Let p(t) be a path function in n space. This is a continuous map from one variable, perhaps time, into many variables, perhaps the coordinates in n space, thus defining a path. In our example, p(t) might trace the path of an intrepid space ship as it flies through a star. We want to know how f changes with time as the ship moves along its path. It's obviously getting hotter as the ship moves towards the center of the star, and cooler as the ship flies back out again; we would like to quantify this.
Compute temperature as a function of time by composing the two functions: g(t) = f(p(t)). Now we're back to one input variable and one output variable. Can we compute the rate of change, the increase of temperature with time? Is g differentiable? It is, if f and p are also differentiable.
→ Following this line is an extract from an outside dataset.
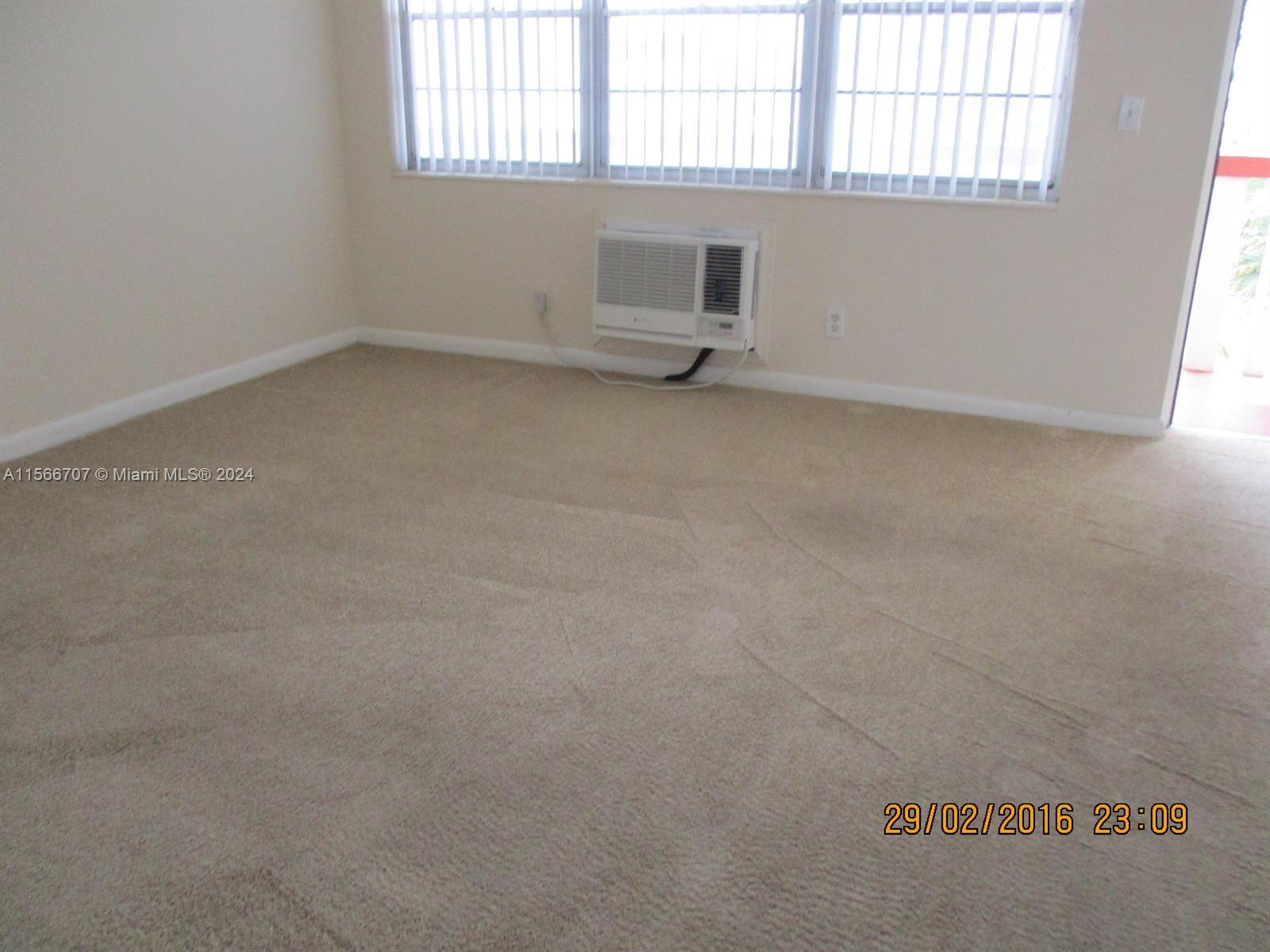 listing main picture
Start with the usual difference quotient: f(p(t+h))-f(p(t)) over h. For convenience, we'll assume t = 0, and p(t) is the origin, and f(p(t)) = 0. This merely relabels coordinates and simplifies notation; it does not change the proof. Now our difference quotient becomes f(p(h)) over h.
Replace the numerator, the change in f as we stray from the origin, with the linear approximation of f, and its error term.
∇f(0).p(h) + |p(h)|×e(p(h))
Divide by h and take the limit. We don't have a rigorous formula for |p(h)|/h, but we know that a vector's distance is less than the sum of the absolute values of the components, which is less than n times the largest component. If p1 is the component that is changing the fastest, then n times the derivative of p1 is an upper bound on the limit of |p(h)|/h. As long as we can put a bound on it, any bound, them multiplying by e(p(h)) produces a limit of 0, since e approaches 0.
That leaves the first term, a dot product. This expands into a linear combination of the component functions p1 through pn. The derivative is thus the linear combination of the individual derivatives, and we obtain the following formula.
g′(t) = ∇f(p(t)).p′(t)
If the number of dimensions is one, as though the space ship could only move forward and backward, this formula reproduces the original chain rule.